7 Par exemple les cardiologues ayant reçu plus de 10 000$ de la compagnie A avaient 6 fois plus de chances de prescrire son défibrillateur que ceux ayant reçu moins de 100$. Mais ceux ayant reçu plus de 10 000$ de la compagnie B avaient, eux, 37 fois plus de chances .
8 Dans ce cas l'influence semble être plus nette que pour les médicaments. Peut-être parce que le choix est limité, que les relations se jouent avec qqs entreprises seulement, et qu’elles sont probablement plus intenses et rémunératrices pour les spécialistes impliqués.

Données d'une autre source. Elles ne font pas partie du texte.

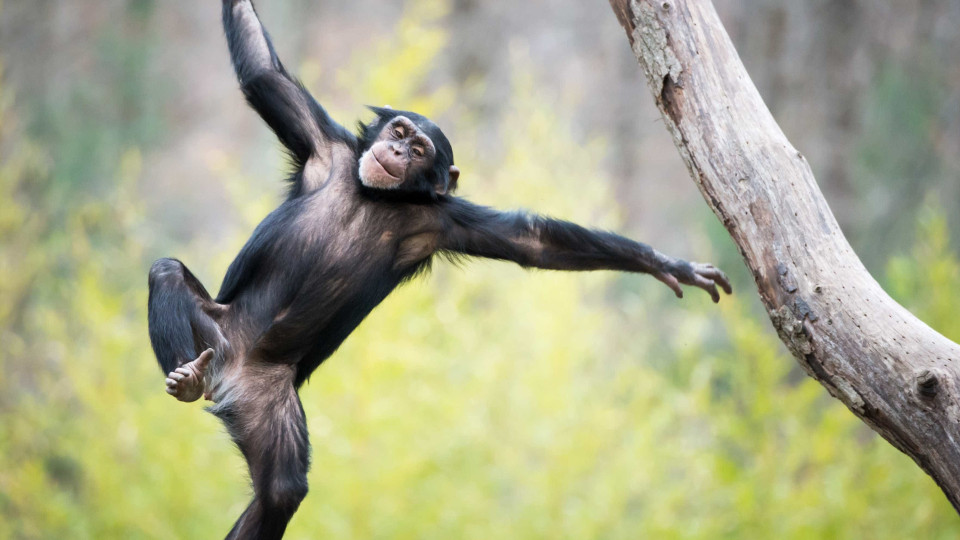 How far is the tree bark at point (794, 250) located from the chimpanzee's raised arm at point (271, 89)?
1.50 metres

9 John Mandrola a fait aussi un petit sondage où il demande si les lecteurs pensent qu’il est correct qu’un représentant de labo invite des internes à diner pour leur présenter un médicament en l’absence de médecins expérimentés. 1/3 des quasi 2000 répondants pensent que oui
10 Pourtant, une revue systématique de Austad, Avorn et Kesselehim en 2011 montrait que les étudiants en formation étaient particulièrement vulnérables à l’influence des méthodes utilisés par les visiteurs médicaux pour influencer leur jugement ncbi.nlm.nih.gov/pubmed/21629685
11 La dernière fois qu’une visiteuse médicale est venue me voir à mon travail j’ai été obligée de la laisser plantée dans le couloir tellement elle était insistante. Je crois qu’elle a épuisé avec moi toutes les formules d’accroche apprises en école de commerce et au laboratr.

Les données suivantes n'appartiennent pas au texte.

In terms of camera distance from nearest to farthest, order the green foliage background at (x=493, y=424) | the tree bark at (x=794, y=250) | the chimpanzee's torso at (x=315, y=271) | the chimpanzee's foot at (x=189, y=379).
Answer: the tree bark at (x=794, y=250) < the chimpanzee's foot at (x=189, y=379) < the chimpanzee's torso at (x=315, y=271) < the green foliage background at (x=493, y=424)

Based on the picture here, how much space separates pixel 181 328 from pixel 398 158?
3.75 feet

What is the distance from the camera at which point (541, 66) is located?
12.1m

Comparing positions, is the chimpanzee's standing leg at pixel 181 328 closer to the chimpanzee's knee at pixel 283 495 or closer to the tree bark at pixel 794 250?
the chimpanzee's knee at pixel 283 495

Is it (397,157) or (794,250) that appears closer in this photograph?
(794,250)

12 Pourquoi a-t-elle fait cela ? Tout simplement, je pense, parce que ça l’amusait de me mettre dans l’embarras.
13 Je ne tire aucune fierté d’avoir refusé de la recevoir. Je n’ai fait qu’épargner mon temps et éviter d’encombrer mon cerveau avec des informations tronquées et inutilisables. Il n’y a aucun enjeu académique ni financier pour moi. Tout au plus ai-je perdu un stylo gratuit.
14 J’ai toujours considéré les visiteurs médicaux comme des commerciaux, des vendeurs de voitures, même si je m’obligeais à les recevoir quand j’étais jeune remplaçante me disant que c’était leur gagne-pain et que je ne pouvais pas les en priver.

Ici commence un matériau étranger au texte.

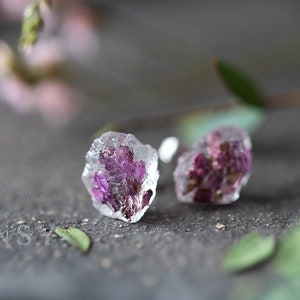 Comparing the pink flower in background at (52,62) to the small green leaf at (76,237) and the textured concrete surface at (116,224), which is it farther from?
the small green leaf at (76,237)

15 Mais à voir la réaction de cette VM, une vie consacrée à la manipulation d’autrui semble être une occupation des plus amusantes pour certains.
16 C’est ce que semblait penser Bernard Dalbergue, médecin ayant mené pendant 20 ans une carrière bien remplie de cadre dans l’industrie pharmaceutique.
17 Il a travaillé dans diverses entreprises pharmaceutiques dont des multinationales et occupé différents postes de celui de chargé de produit à celui de chargé de relations avec les leaders d’opinion que je vais appeler KOL (pour Key opinion leader), par commodité.
18 Tout en sachant que le mensonge et la manipulation étaient au centre de son activité il s’est longtemps justifié en se disant que, d’une part, c’était le jeu, et que son travail à lui était de faire gagner de l’argent à sa boite,
19 D’autre part, et c’est une auto-justification souvent avancée par les KOL eux-mêmes mais aussi par tous ceux qui défendent la présence incontrôlée des laboratoires dans tous les aspects de la vie du médicament, et auprès des médecins
20 Que les dommages ainsi provoqués, dommages dont les patients sont les victimes, étaient marginaux et finalement négligeables au regard de la capacité des laboratoires à mettre au point des médicament qui pouvaient « sauver des vies ».
21 Il n’a pas changé d’avis brutalement mais plutôt par un cheminement. BD a subi personnellement les dommages dus au Vioxx que le laboratoire MSD tentait d’imposer par la force aux autorités françaises alors que le directeur de la DGS de l’époque n’en voulait pas.
22 D’autre part, BD a été confronté à un véritable cas de conscience lorsque son laboratoire lui a demandé de couvrir le dysfonctionnement d’un stylo délivrant un médicament contre l’hépatite C.
23 Ce stylo, compliqué d’utilisatn, dysfonctionnait fréqmt . Le laboratoire ne voulait pas le remplacer par un stylo mieux conçu et plus cher pour ne pas diminuer ses marges, mais fit mine de gérer le problème, pr rassurer les autorités sanitaires, en multipliant les réunions
24 Le stylo, de Merck, se maintint pourtant sur le marché pendant 10 ans jusqu’ à ce qu’un médecin, le professeur Tran, lance l’alerte lexpress.fr/actualite/soci…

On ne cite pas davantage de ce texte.